No Brasil, a maior parte do transporte de cargas é feito através das rodovias. “Trabalhamos para todo mundo. O que você tem ao seu redor é através de transporte”, destaca Jaime. A profissão não é reconhecida, apesar da importância. “O preço do frete está defasado e grande parte das empresas exigem horário, mas pelas normas, a gente só pode trabalhar 10 horas por dia. Tem relatos de empresa que exige que o caminhoneiro trabalhe até 20 horas. Indiretamente, pressionam para que o motorista tome o famoso ribite”, disse meu pai. 

Segundo ele, porém, apesar dos relatos dos colegas de estrada, o uso do remédio, um inibidor de apetite, diminuiu com o passar dos anos. O apelo do meu pai, primos, tios e o de muitos caminhoneiros é que a classe receba mais atenção.

Antes, as viagens duravam de oito a dez dias. Na mais longa, foram mais de duas semanas longe. Meu pai costumava ir para o Sudeste. “Tem gente, principalmente do Sul, que passa de seis meses até um ano sem ir em casa”, comenta. César já conhece a rotina. “Sei que são muitos finais de semana, feriados que eu não posso passar com minha família, mas tenho orgulho de trabalhar com isso”, diz meu primo. Assim como eu, ele também cresceu vendo o pai, meu tio Carlos, pegar a estrada.
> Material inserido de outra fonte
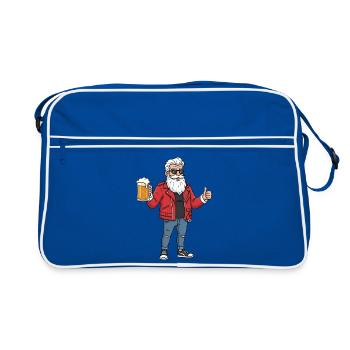 Rockabilly Opa mit Bier - Retro Tasche - Blau/Weiß - Vorne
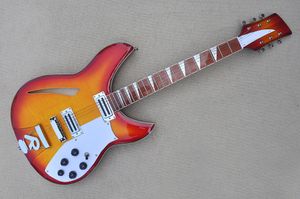 Factory Custom Semi-hollow Cherry sunbuest Electric Guitar 6 Strings Red Rosewood Fingerboard Can be Customized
Alguém da família sempre na estrada não é algo com que você pode se acostumar. Nunca vai deixar de sentir falta. Um aniversário ou um Dia dos Pais distante ainda incomodam, mesmo que passem dezenas de anos. Diferente de mim, quando meu irmão nasceu, meu pai viajava. “Estava em Teófilo Otoni (MG), voltando de Belo Horizonte para casa, quando soube que ele (Jaime Filho) nasceu”, conta painho. Do outro lado do ciclo da vida, quando vovô Toinho faleceu, em 1999, meu pai também não estava aqui. Deixou o caminhão na Bahia, pegou um avião e voltou.
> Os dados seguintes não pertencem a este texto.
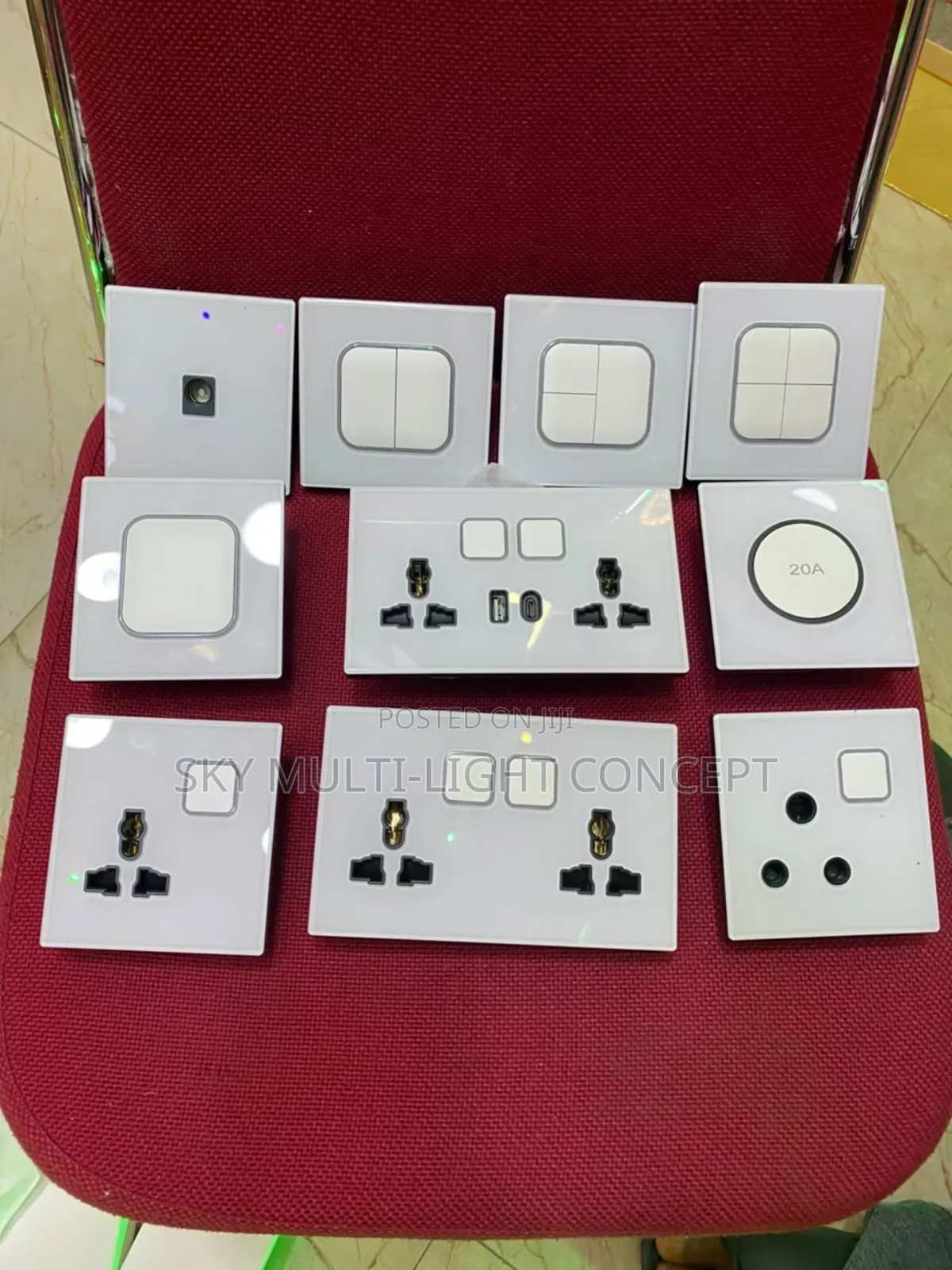 1/2/3/4 Gang 2 Way Wall Light Switch USB Charging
Há mais de 30 anos na profissão, Jaime Albuquerque só tem um arrependimento: “Não vi meus filhos crescerem”, lamenta. Agora, ele traça sua rota pelo Nordeste, algo que comemoro, pois traz meu pai para casa mais rápido. Falei isso para ele, enquanto conversávamos sobre esse texto. “É bom saber disso, porque sei que meus filhos me reconhecem. Têm muitos companheiros de estrada que para os filhos são meros conhecidos”, afirma. Apesar da estrada constante, ainda assim, posso garantir: as viagens nunca tornaram meu pai ausente.